START Material to process
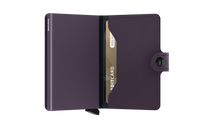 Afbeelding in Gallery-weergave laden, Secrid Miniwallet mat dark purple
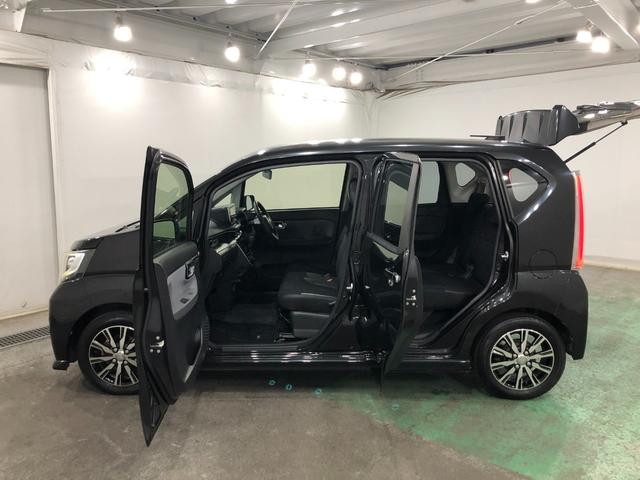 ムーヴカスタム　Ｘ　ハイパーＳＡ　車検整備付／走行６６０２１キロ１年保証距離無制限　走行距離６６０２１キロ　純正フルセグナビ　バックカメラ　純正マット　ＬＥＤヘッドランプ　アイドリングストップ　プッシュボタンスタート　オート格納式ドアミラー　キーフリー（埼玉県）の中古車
END Material to process
START Material to process
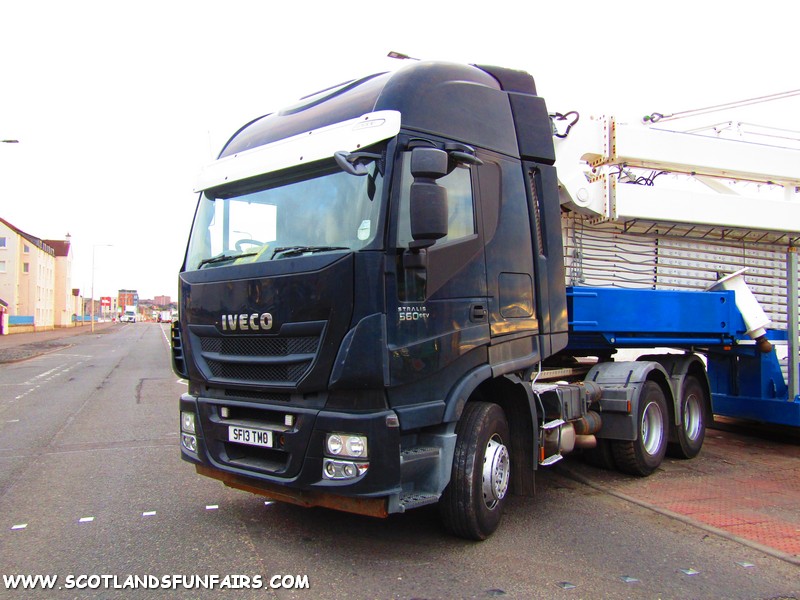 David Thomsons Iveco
END Material to process
START Material to process
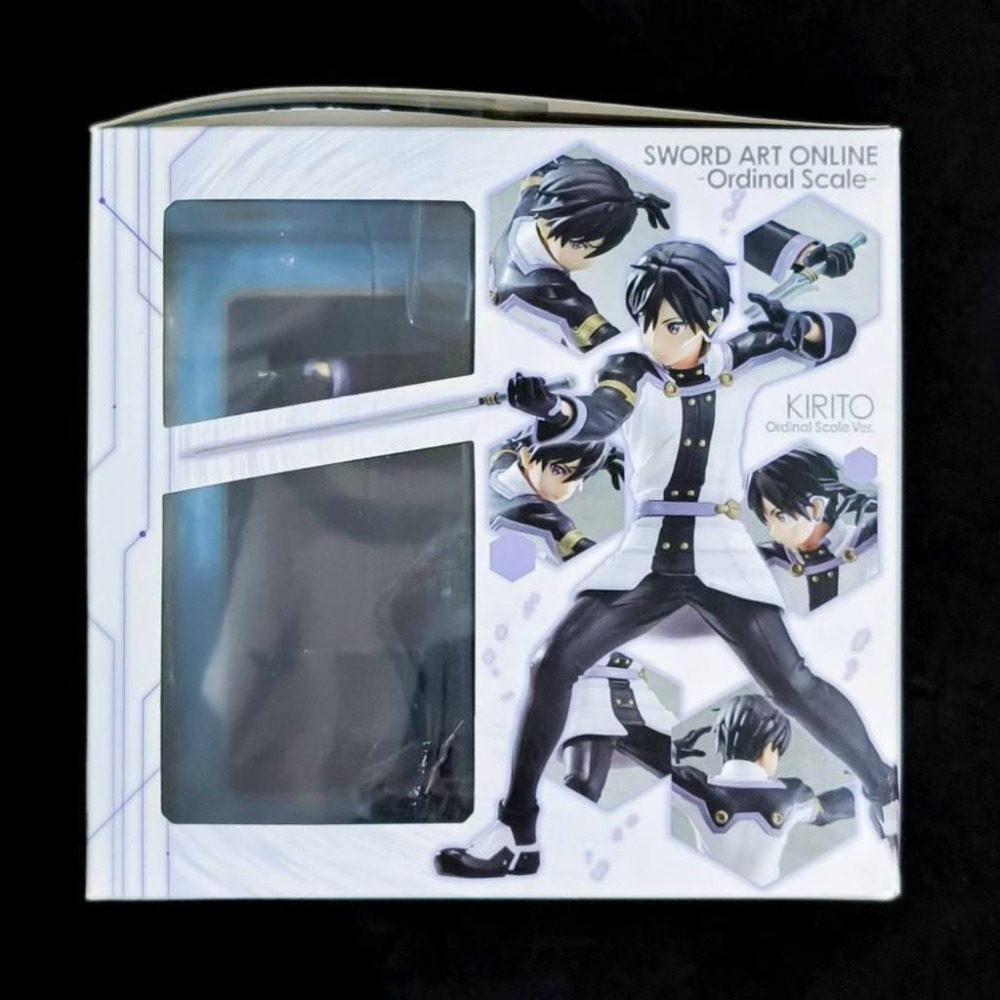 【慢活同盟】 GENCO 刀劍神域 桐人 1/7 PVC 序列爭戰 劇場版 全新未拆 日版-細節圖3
END Material to process
(What to work on) Copy exactly the material above from the line with "Afbeelding in Gallery-weergave" to the line with "ムーヴカスタム　Ｘ　ハイパー", ends included, and nothing else. Leave out any picture.

(Task answer)
 Afbeelding in Gallery-weergave laden, Secrid Miniwallet mat dark purple
 ムーヴカスタム　Ｘ　ハイパーＳＡ　車検整備付／走行６６０２１キロ１年保証距離無制限　走行距離６６０２１キロ　純正フルセグナビ　バックカメラ　純正マット　ＬＥＤヘッドランプ　アイドリングストップ　プッシュボタンスタート　オート格納式ドアミラー　キーフリー（埼玉県）の中古車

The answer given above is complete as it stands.